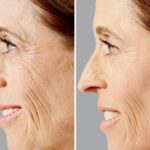 Non Surgical Before and After Photos in Miami, FL, Patient 1847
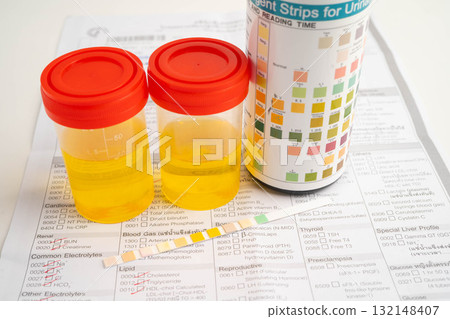 Urinalysis, urine cup with reagent strip pH paper test and comparison chart in laboratory. 132148407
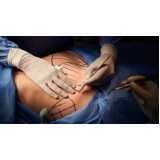 cirurgia reparadora de mama Loteamento Center Santa Genebra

────────

DESCRIPTION OF THE TASK
Without the pictures, write out the entire listing exactly.

RESPONSE TO THIS EXERCISE
 Non Surgical Before and After Photos in Miami, FL, Patient 1847
 Urinalysis, urine cup with reagent strip pH paper test and comparison chart in laboratory. 132148407
 cirurgia reparadora de mama Loteamento Center Santa Genebra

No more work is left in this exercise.